There's no program. That's number one. There's no program; there's no method. In our contemporary society and also among Evangelicals, we're often quite good at programs. But there is no program to re-enchantment, and the reason for that is, as I just indicated, that re-enchantment has to do with conversion. There's no program for that.

You're not going to write a book called Seven Steps to Re-enchantment?

No! I absolutely hate how-to books.

It's a matter of conversion. And that is something that the Spirit works in us. It is something to which we need to open ourselves up. It's something for which there's no method. That's not to say you cannot act faithfully in the hope that God will bless it and in the hope that the blinders will fall off as it were and that we regain vision. Certainly, there is.

Some of the things I think are really important are one: the re-envisioning of time through the liturgical year. We need to have a much more central place for the liturgical year so that our realities are shaped not by the secular age but by what Taylor calls the higher time of the church. That's one.

Immediately connected to that: we need to have liturgies that are not simply reflective of your average rap concert or rock concert, but that instill a sense of reverence toward God. So we need to envision as Evangelicals our liturgies, which too often are simply appalling. And I think we need to work harder on catechesis. Some of our churches, thankfully are starting to do that, it seems, again. It's been neglected too often in too many places for too long. The students that come to Regent now are just as smart as they ever have been but they're not as knowledgeable about Scriptures and the teachings of the church as they used to be. I think that's a loss. You cannot be shaped by a story that you don't know.

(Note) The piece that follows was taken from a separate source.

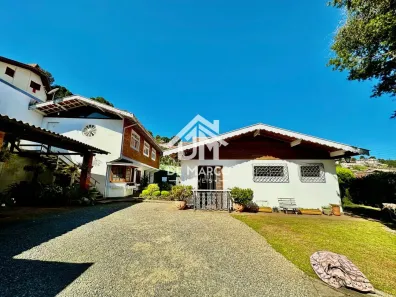 Casa com 5 Quartos à venda, 367m² no Vila Telma, Campos do Jordão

There are a lot of efforts under way in the last few decades to undo the tragedy of the Reformation—the split in the body of Christ. Evangelicals and Catholics Together is one example. What role do you see these issues of the enchantment or disenchantment of the world playing in those re-unification efforts?

Well two comments maybe. One is, the unity of the church is not going to be resolved by high level ecumenical discussions by themselves. They need to be echoed by on the ground contact among believers of various churches—Catholic, Protestant, Evangelical. If you think for example about the well-known statement on justification, the Joint Declaration in 1999, it deals with the material principle the Reformation: justification. And Lutherans and Catholics and now also Methodists and Reformed, are all onboard with this and are all saying “yes, in terms of the one central key issue of the Reformation we actually don't have any outstanding serious disagreements any longer.” Yet, on Sunday morning we go each our separate ways. And the reason I think is that reunification of church isn't only a top-down thing but is also a bottom-up thing, if those terms apply. But you know what I mean: it's something that needs to come through these kinds of discussions in part, but it also requires that we as Christians we meet, we do things together etc.

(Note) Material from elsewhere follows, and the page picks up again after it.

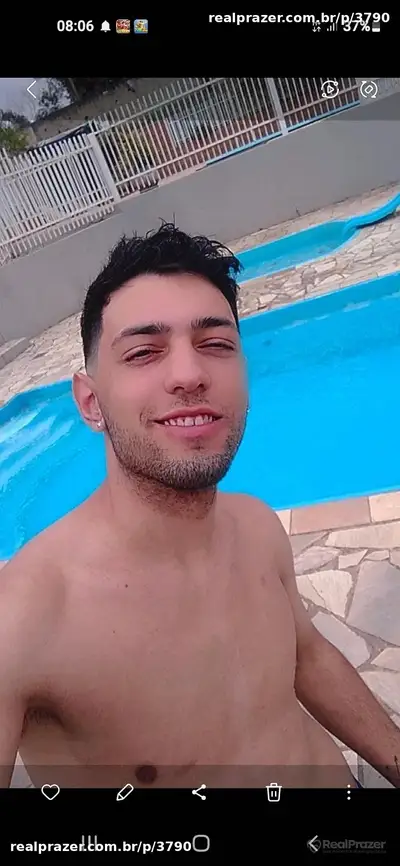Patrick, garoto de programa castanho corpo medio em Curitiba, PR - Real Prazer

Let me put it this way, others in their churches had the contact that I have with some of my Catholic friends—if others had that, we would know of one another that we're brothers and sisters. And we would work very very hard at unity—harder than we do today.

And the other thing that I want to say is that there are and there continue to be serious doctrinal issues between Catholics and Protestants that I don't know how we would resolve them, frankly. There are issues that, as a Protestant—and I suspect Catholics also from their perspective—don't see how they could resolve. And my hunch is that [these issues] have a great deal to do with how we look at the world more broadly speaking. My hunch is that the sacramental ontology that you're talking about has a great deal to do with it.

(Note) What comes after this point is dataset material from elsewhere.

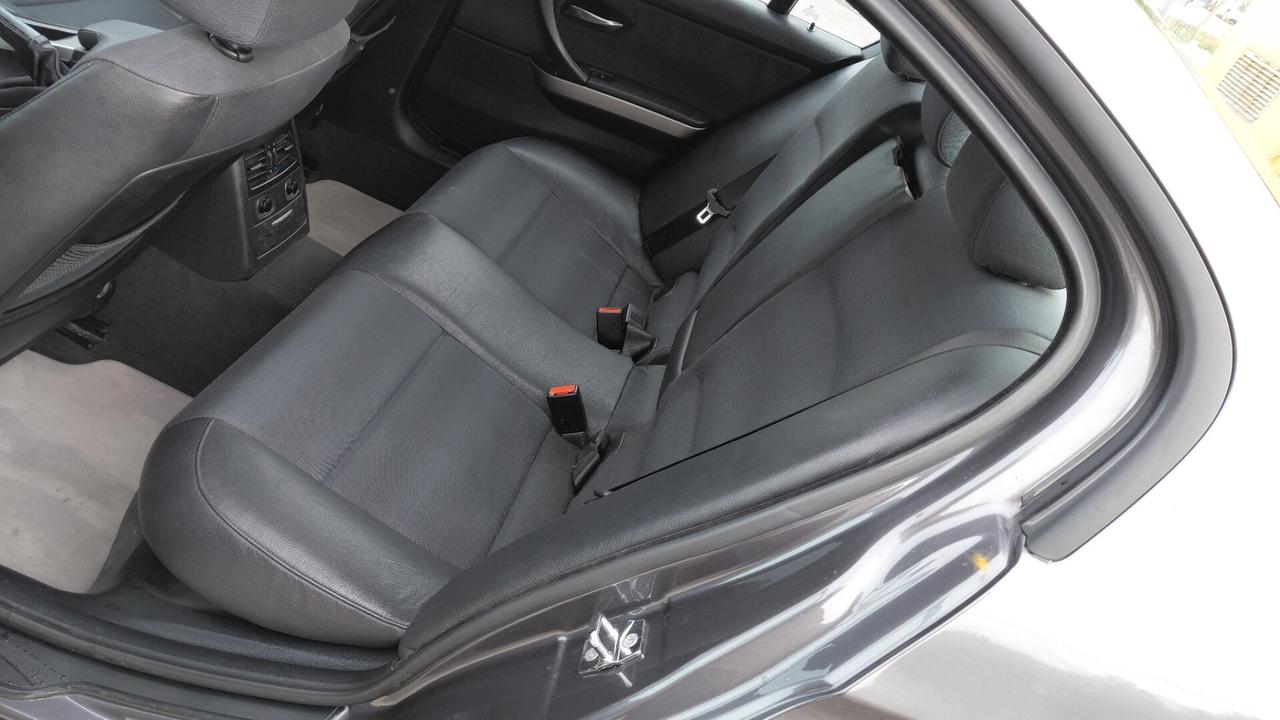 Bmw 320 320i cat Eletta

We talked earlier about how our loss of a sacramental perspective has affected both Catholics and Protestants. I think that's true. It has affected us in different ways. It has affected us both, and we're both as a result liable to the dangers or the problems of modernity. But when it comes to specific theological disagreements—say Maryology or the Eucharist—my hunch is if we talked together about how a sacramental perspective on these particular issues affects our thinking about it, we might at least come to a greater recognition of why, precisely, we disagree, and might also be able to see historically how these increasing divergences have taken place.

What’s a recent development that you think is positive hopeful in terms of rebuilding unity.

The most hopeful thing I think is the one that we already briefly touched on: the Joint Declaration on Justification. And in terms of Evangelicals and Catholics Together, there is the Gift of Salvation Statement, which basically echoes—it's around the same time; it says about the same thing—about justification: that on this point we all believe that in some way justification is by faith alone. And we believe that justification is an ongoing process, and that God in that process transforms us. And it also seems to me that recent New Testament insights particularly through the New Perspective on Paul—NT Wright and others—there's a change in the doctrine of justification. It's an understanding that's quite different from that of the reformers. And it's an understanding that I think is biblically warranted. And that can put the main issue of the Reformation at rest. That should put the main issue of the Reformation at rest. And I think for many it has.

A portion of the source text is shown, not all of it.